Ripeto, la aziende curano i propri interessi e un “lavoratore” soddisfatto e sereno è l’obiettivo dell’azienda perché produce di più.
Ma in Italia una domanda così in un colloquio di lavoro è “legale”? In Germania non lo è, quindi la domanda non è permessa e se viene fatta si è autorizzate a mentire. Mi sorprende che la legge europea sulla discriminazione in Italia non trovi applicazione.
Placida: ciao cara bentornata!
Isadora: non dovrebbe, essendo un dato sensibile.
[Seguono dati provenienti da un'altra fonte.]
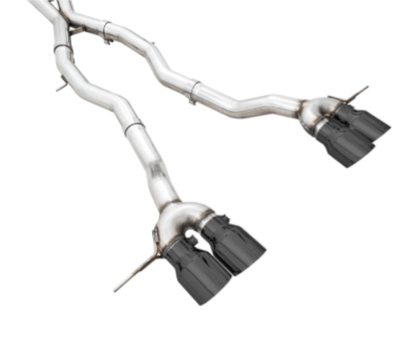 AWE Track Edition Catback Exhaust w/ Diamond Black Tips 2021-2025 BMW M3 / M4
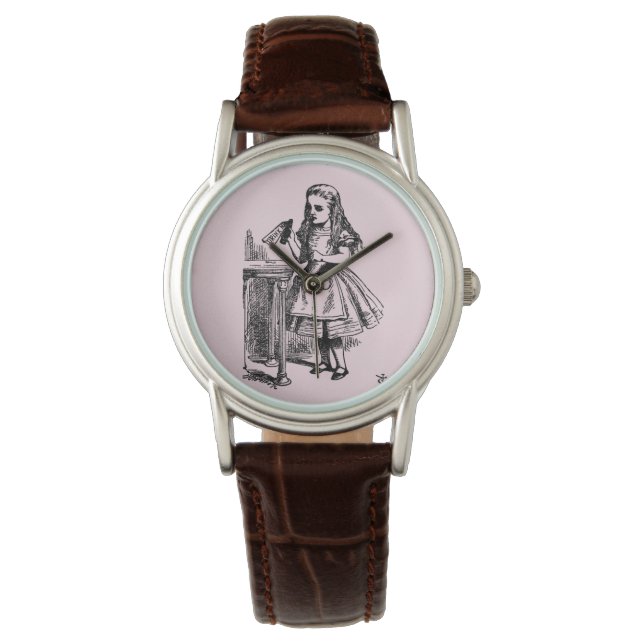 Trink mich (Alice's Adventures in Wonderland) Armbanduhr (Vorderseite)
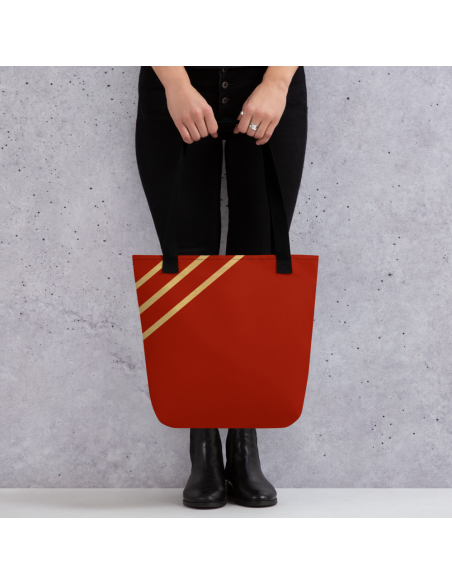 Red Lines- Tote bag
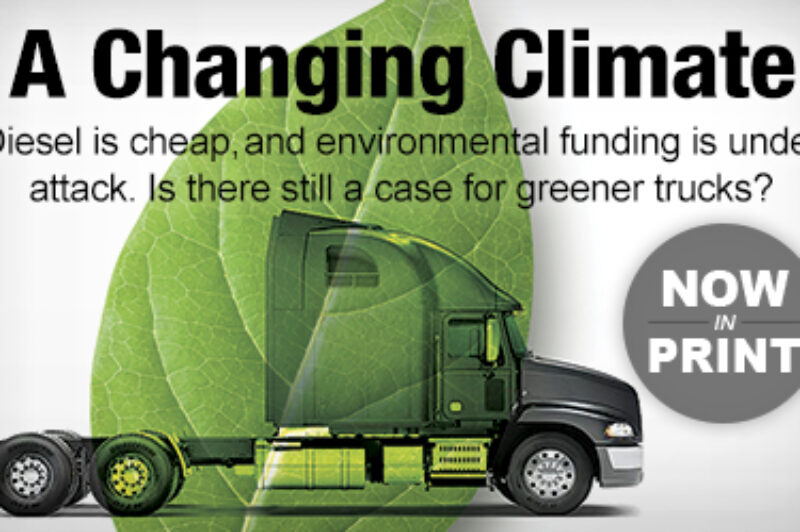 IN PRINT -- A Changing Climate: Is there still a case for greener trucks? article image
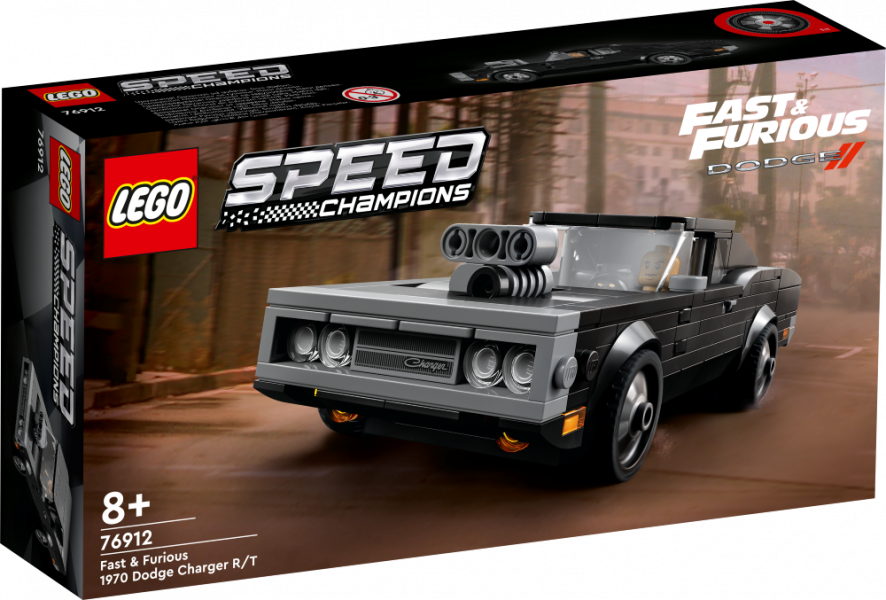 76912 LEGO® Speed Champions Fast & Furious 1970 Dodge Charger R/T, 8+ gadi, 2022. gada modelis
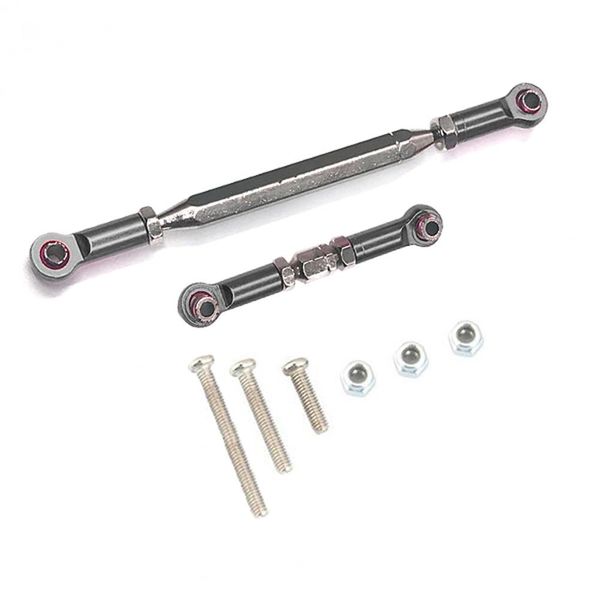 Metal Adjustable Steering Linkage Servo Link Pull Rod Turnbuckle for MN D90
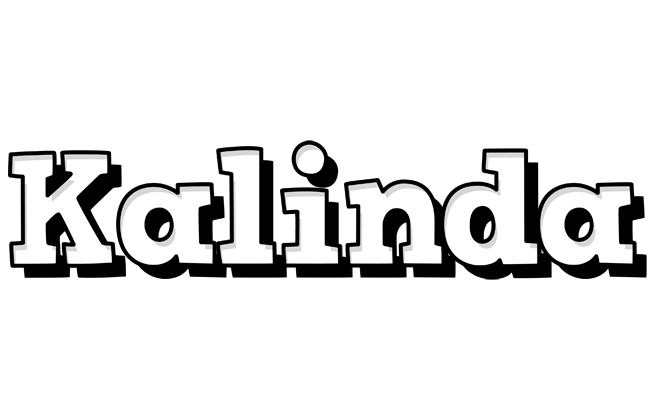 Kalinda snowing logo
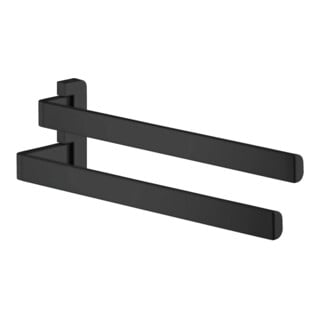 hansgrohe Handtuchhalter Axor universal 409mm, 2-armig, schwenkbar, mattschwarz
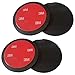 4Pcs Klebe-Befestigungsplatten fürs Armaturenbrett Adhesive Mounting Plates Dash Car Desk Stand 3 M Adhesive Base Disk Stick On Suction Cup Base Optimal als Smartphone Halter Oder Navi Halterung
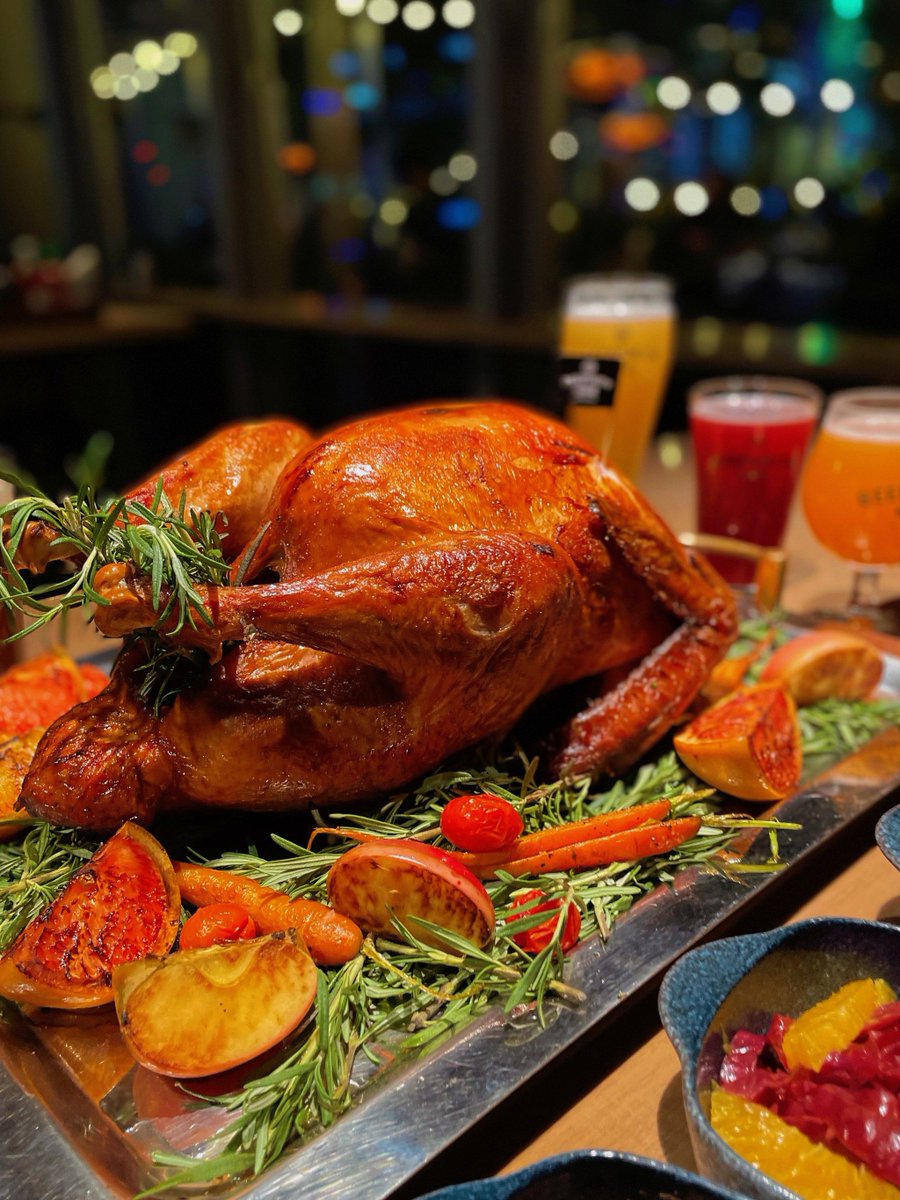 DemockoAnthony's tweet photo. This Thanksgiving, dig into our seasonal feast: roast turkey with cranberry glaze, creamy mashed potatoes and spiced pumpkin pie—your perfect holiday vibe is served! https://t.co/bbwjpjHtu5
Ma quando cerchi un lavoro difficilmente riesci a rispondere così al tuo intervistatore… Certo, puoi mentire anche qui. Resta il fatto che è un momento sgradevole e imbarazzante del colloquio, che già di per sé non è una passeggiata.
Vedo che l’argomento e’ caldo ;-) E’ chiaro che asili ed elasticita’ (e, aggiungo, ridistribuzione dei carichi familiari interni alla coppia) aiuterebbero, ma a me sembra, e lo dico da uomo, che alla fine funzioni sempre il pregiudizio che, tutto considerato, un uomo e’ meglio.
Corrado: forse alla fine il segreto è proprio in quel “ridistribuzione dei carichi familiari”. Ho avuto colleghe madri, ovviamente, e osservavo che tutto il carico di lavoro, anche mentale (devo chiamare la babysitter-devo andare a vedere gli asili-devo andare dal pediatra) etc etc toccava sempre e solo a loro. Facile essere più deconcentrate sul lavoro, rendere meno e quindi gettare benzina sul fuoco dei clichés che vedono le donne con figli meno affidabili agli occhi di datore di lavoro.
sono di genere maschile,provincia nordestina.
in giro per i bar del centro,per lavoro,noto spesso un fancazzismo femminile di genere velinismotardosimonaventurismo.
della serie,lavorare stanca.
meglio il professionista o un alto contobancarioso come assicurazione,che poi spesso si traduce in un pupo che poi magari si sbroglia in un pietro maso qualunque…
ovvio che esiste tutto sotto questo cielo,anche personcine di sinistra gayezza che inneggiano a hamas-giuro,visto di persona a padova-,ma la tv ha vinto,direi.
quante di voi fanno colazione?
a presto,policy uncorrect…
Umberto, non ho capito quasi nulla, ma una domanda: volevi dire “politically uncorrect”, vero?
VORREI ACQUISTARE IL LIBBRO INTITOLATO ALL’INDIETRO SUI TACCHI A SPILLO VORREI SAPERE DOVE POSSO ACQUSTARLO VI RINGRAZIO
Si parla tanto di pari opportunità tra uomini e donne e poi le donne vengono discriminate ancora. Una donna riesce tranquillamente a gestire la casa, la famiglia e il lavoro. Questi datori di lavoro uomini dovrebbero capirlo. Siamo nel Terzo Millenio.